Plaintiff, Audrey Joyner Gibson, respectfully submits to the Court pursuant to Rule 52 of the North Carolina Rules of Civil Procedure and hereby moves that Findings of fact and Conclusions of Law be included in its Order on Defendants’ Motion to Set Aside Judgment heard by Honorable Robert F. Floyd, Jr., on August 16, 1999, as follows:

Subsequently, twenty-three findings of fact and nine conclusions of law were delineated. [Petition for Writ of Certiorari].

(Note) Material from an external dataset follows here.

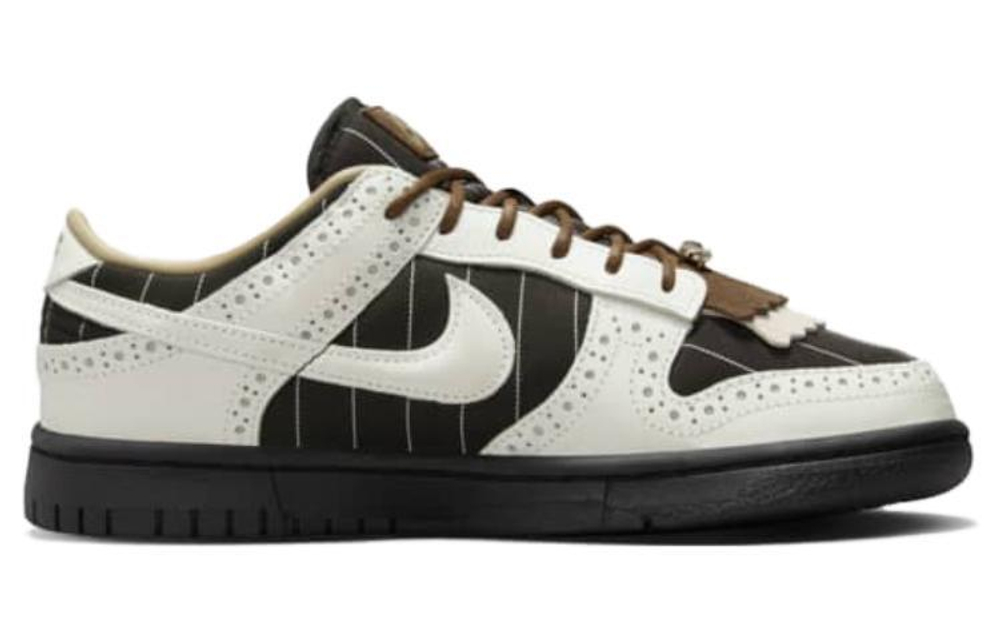 Кроссовки Nike Dunk Low Lx "Summit White And Cacao Wow" (Женская размерная сетка)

Although plaintiff’s proposed order arguably might be construed, as she contends, as a generalized Rule 52 request for findings of fact in support of the court’s subsequent Order as opposed to requested specific findings, we are unable to resolve this question conclusively in plaintiff’s favor. The Order therefore is not subject to being vacated due to the absence of findings of fact.

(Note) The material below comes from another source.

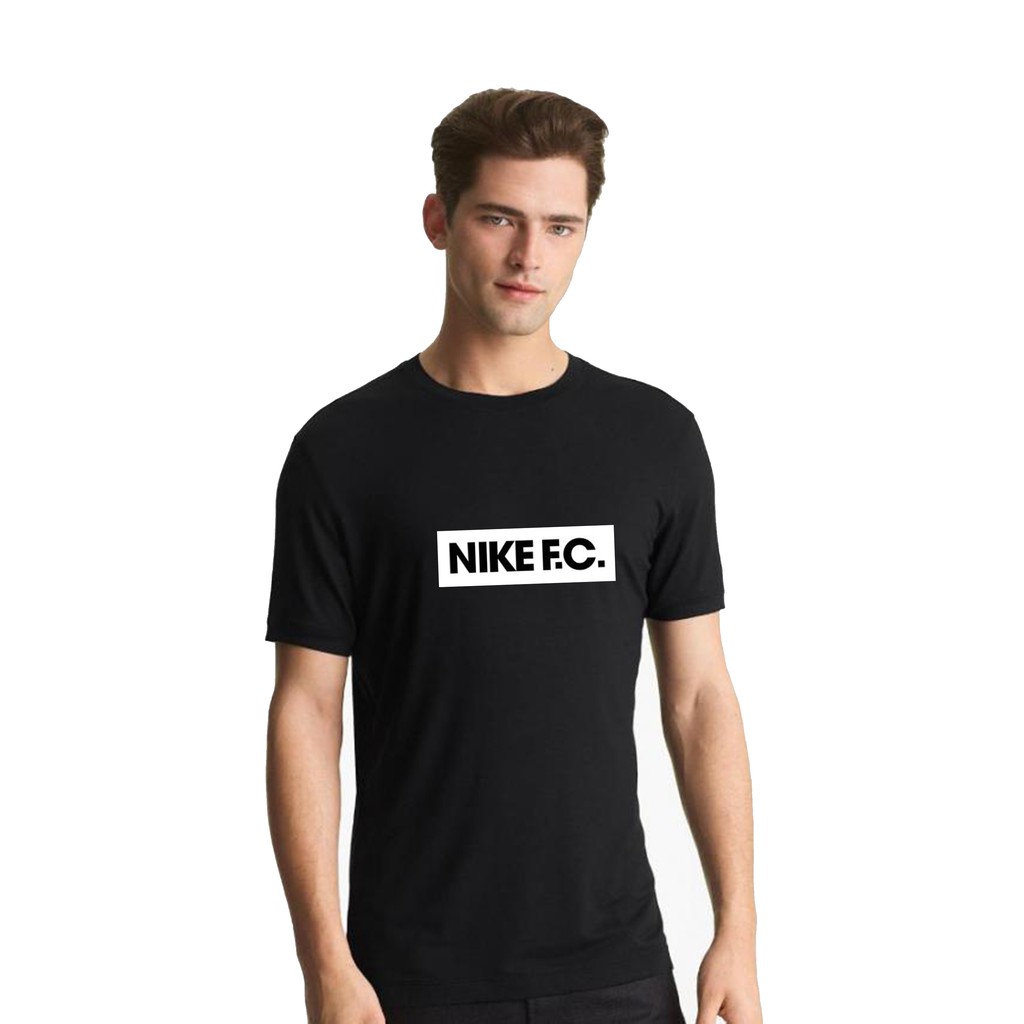 Kaos T-Shirt Combed Nike FC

However/a Rule 60(b) order without findings of fact must be reversed unless there is evidence in the record sustaining findings *129which the trial court could have made to support such order. See Grant, 106 N.C. App. at 125, 415 S.E.2d at 380 (where trial court renders no findings of fact in order denying Rule 60(b) motion, “the question on appeal is ‘whether, on the evidence before it, the court could have made findings of fact sufficient to support its legal conclusion’ ” (citation omitted)).

In short, the issue before us is whether, given the evidence presented to the trial court, that court could have made findings of fact sufficient to support its legal conclusion that excusable neglect had been shown. See id.

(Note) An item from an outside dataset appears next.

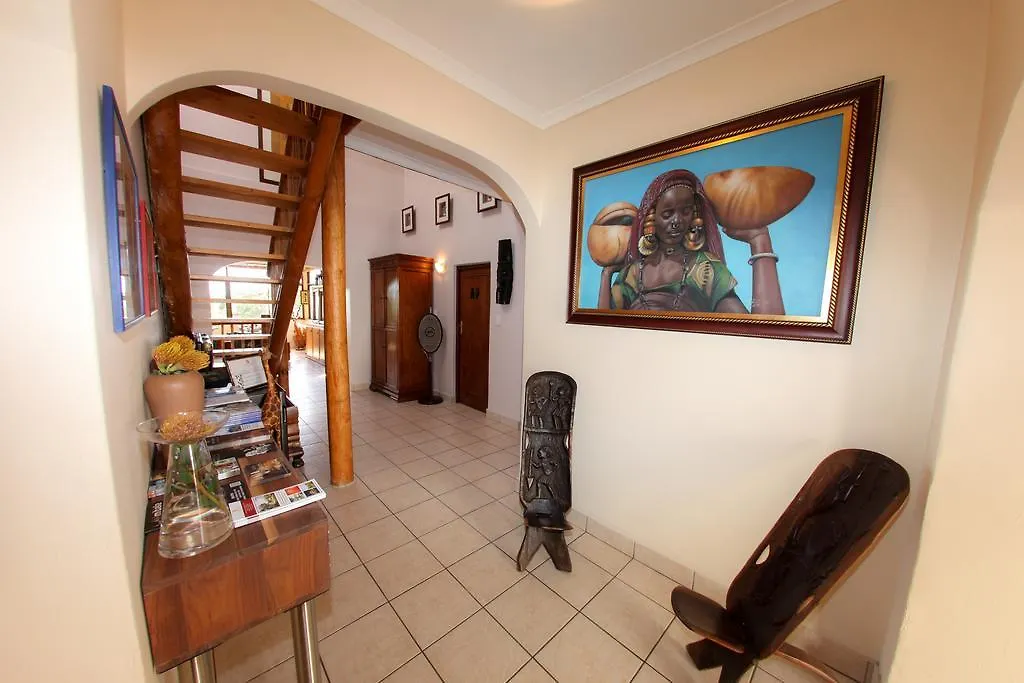 Winelands Villa Guesthouse And Cottages Somerset West Südafrika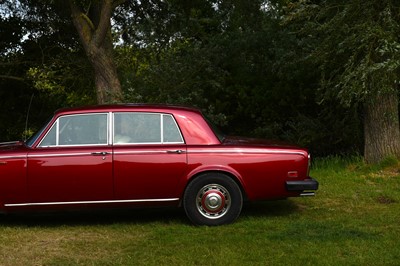 Lot 14 - 1977 Rolls-Royce Silver Shadow II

While there is no clear dividing line as to what falls within the confines of excusable neglect as grounds for the setting aside of a judgment, what constitutes excusable neglect depends upon what, under all the surrounding circumstances, may be reasonably expected of a party in paying proper attention to his case. Excusable neglect must have occurred at or before entry of judgment and must be the cause of the default judgment being entered.

Thomas M. McInnis & Assoc., Inc. v. Hall, 318 N.C. 421, 425, 349 S.E.2d 552, 554-55 (1986) (citations omitted).

In materials presented to the trial court, defendants explained the failure to retain counsel as being based upon their insurance carrier’s “desire to first evaluate the case to determine if it could be settled prior to proceeding with litigation[.]” In his affidavit dated 30 July 1999, for example, Prieto stated,

[although I was aware of the lawsuit prior to April of 1999, I assumed that my company’s insurance carrier, John Deere Transportation Services, was handling this matter.
[p]rior to several weeks ago, I have never received nor been made aware of any Motions for Default or Default Judgments being entered against my company.

Grove’s affidavit related that, in his capacity as senior claims adjuster for John Deere, he became aware of the 1996 accident within one week thereafter, that he assigned the case to an adjuster who attempted to resolve plaintiff’s bodily injury claim, and that the *130adjuster could not obtain all pertinent medical bills and records and closed plaintiffs file in January, 1997. Grove stated he had notified plaintiff’s attorney that John Deere would like to settle plaintiffs claim. Grove also expressed his April, 1998 understanding that entry of default had been directed against defendants as to liability only, but that no default judgment had been entered.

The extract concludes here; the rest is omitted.